TL;DR: LeWM is a JEPA-based world model that avoids representation collapse using a simple Gaussian regularizer (SIGReg), trains end-to-end from pixels with only two loss terms, and achieves competitive control performance at a fraction of the compute cost.

Approach

Model Architecture. LeWM is built upon two components: an encoder and a predictor. The encoder maps a given frame observation $\vo_t$ into a compact, low-dimensional latent representation $\vz_t$. The predictor models the environment dynamics in latent space by predicting the embedding of the next frame observation $\hat{\vz}_{t+1}$ given the latent embedding $\vz_t$ and an action $\va_t$.
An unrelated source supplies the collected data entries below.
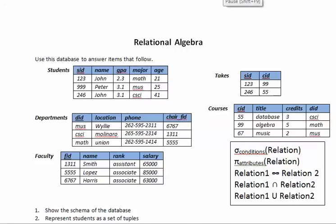Hi, in this tutorial we will solve some relational algebra exercises. For this exercise we will use this database that has the relations students, departments, faculty, takes, and courses.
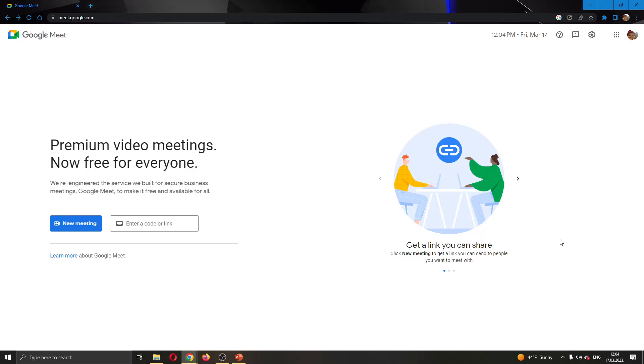Hey everybody, what's up and welcome back to today's video. Today, I will be showing you how to present a PowerPoint presentation during your meeting in Google Meet.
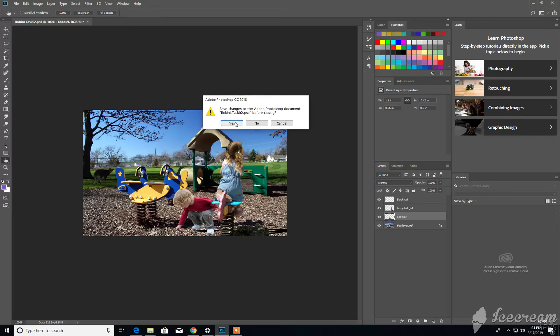So if you wish to save the changes and close out, you hit Yes. If you wish to not save the changes and close out anyway, you hit No.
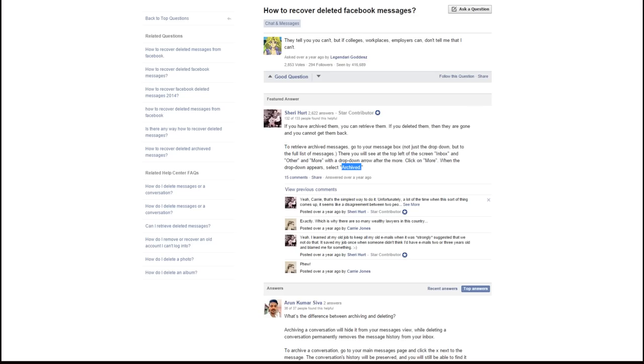It's still possible, though, to recover. However, you need the cooperation of the person that you had the conversation with. Obviously, if you delete the conversation on your end, it doesn't delete the conversation on their end. So, basically, through their account, you can get your hands on the conversation.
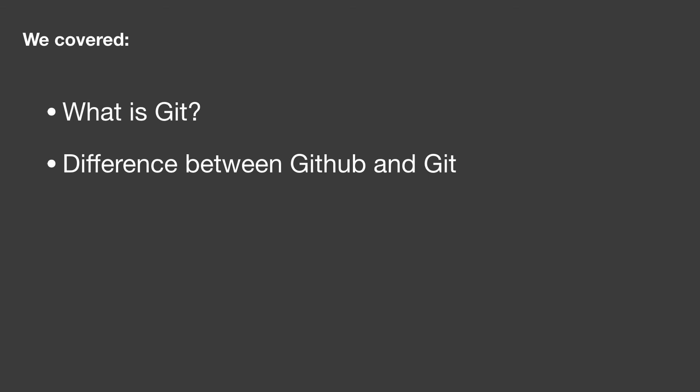So to quickly overview, in this lesson we covered what is Git, and the difference between GitHub and Git. That was it for this lesson. See you at the next one.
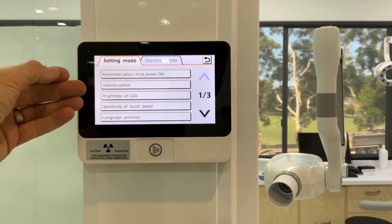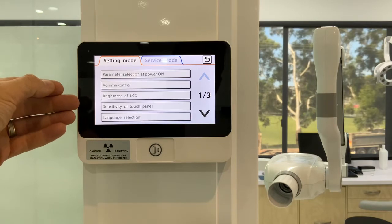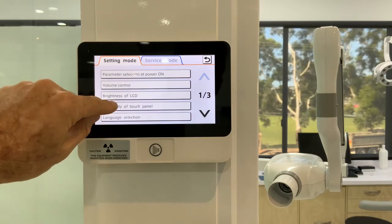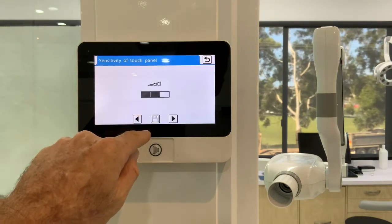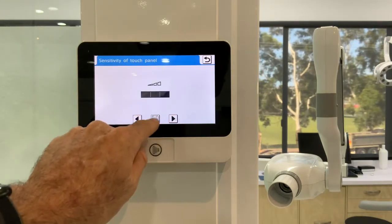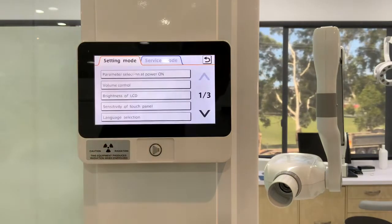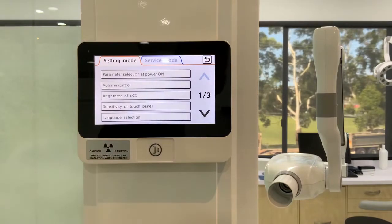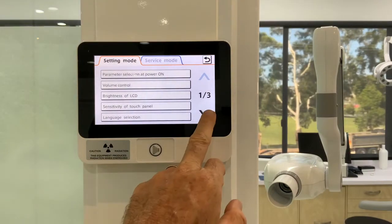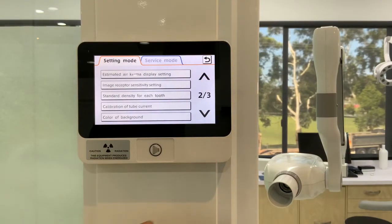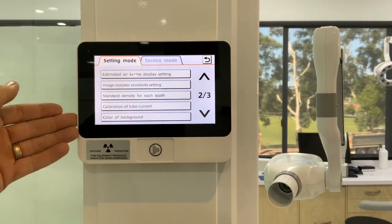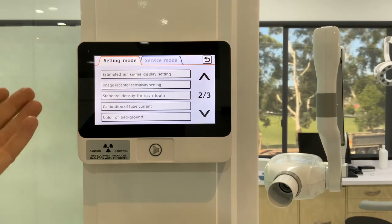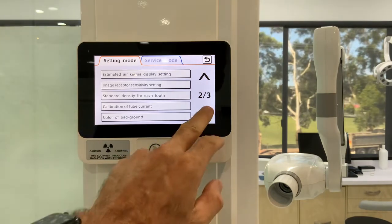Volume control, LCD brightness, sensitivity of the touchpad — so you can take it so it's not quite as sensitive. Just hit the save button when you want to set any of these. Language settings are probably not so necessary to change.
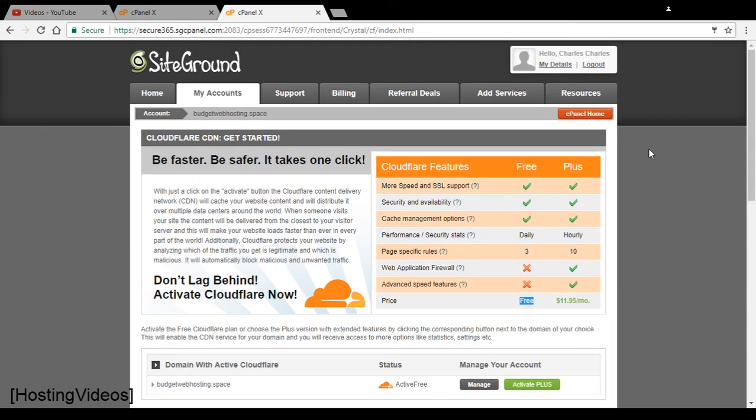For the professional users that want to have more features, that want to have more pages to be cached, you can choose to upgrade to the Plus plan. And the price is $11.95 a month per account.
$$\text{LeWorldModel} \left\{\begin{aligned} \text{Encoder:} \quad & \vz_t = \enc(\vo_t) \\ \text{Predictor:} \quad & \hat{\vz}_{t+1} = \pred(\vz_t, \va_t) \end{aligned}\right.$$

Training Objective. The complete LeWM training objective combines a classical prediction loss $\gL_{\rm pred}$ with a regularization term:

$$\gL_{\rm LeWM} \triangleq \gL_{\rm pred} + \lambda\,\mathrm{SIGReg}(\mZ)$$

The prediction loss $\gL_{\rm pred}$ is a standard latent prediction loss. SIGReg is a regularization enforcing a Gaussian distribution of the latent space; we refer to LeJEPA for details.

Planning with LeWM

LeWM plans purely from pixels, with no proprioceptive information used at any stage. At test time, LeWM encodes a start and goal image into latent space, then uses the Cross-Entropy Method to optimize an action sequence by rolling out candidates through the predictor and picking those whose final embedding lands closest to the goal. Because each frame is encoded as a single 192-dim token (roughly 200× fewer tokens than DINO-WM), planning completes in about ~1 second versus 47 seconds for DINO-WM, a 48× speedup. We perform ablations on several design choices of LeWM and find that LeWM reaches similar performances while being orders of magnitude more efficient than DINO-WM.

Efficient Planning

Planning performance at a fixed compute budget (FLOPs). LeWM achieves competitive results with a fraction of the computation required by baselines.

Planning Results

Planning performance across four environments: Two-Room (2D navigation), Reacher (2-joint arm control), Push-T (block manipulation), and OGBench-Cube (3D robotic pick-and-place). LeWM outperforms PLDM on all challenging tasks and surpasses DINO-WM on Push-T and Reacher, even without pre-trained features. On Push-T, LeWM beats DINO-WM even when DINO-WM uses additional proprioceptive inputs. DINO-WM retains an edge on the visually complex 3D OGBench-Cube task, likely due to richer visual priors from large-scale pretraining. LeWM underperforms on Two-Room; we suspect this is due to the intrinsic dimensionality of the task being too low, which may hinder the Gaussian regularizer from producing a well-structured latent space.

Two-Room

Reacher

Push-T

OGBench Cube

Additional qualitative rollouts for each environment are shown below, including both success and failure cases. Each clip shows two frames side by side: left is the planning rollout and right is the visual goal.

Two-Room

Success

Failure

Reacher

Success

Failure

Push-T

Success

Failure

OGBench Cube

Success

Failure

Evaluating Physical Understanding

Physical Latent Probing

We evaluate which physical quantities are recoverable from LeWM's latent representations by training a lightweight supervised probe to predict physical quantities of interest from latent embeddings.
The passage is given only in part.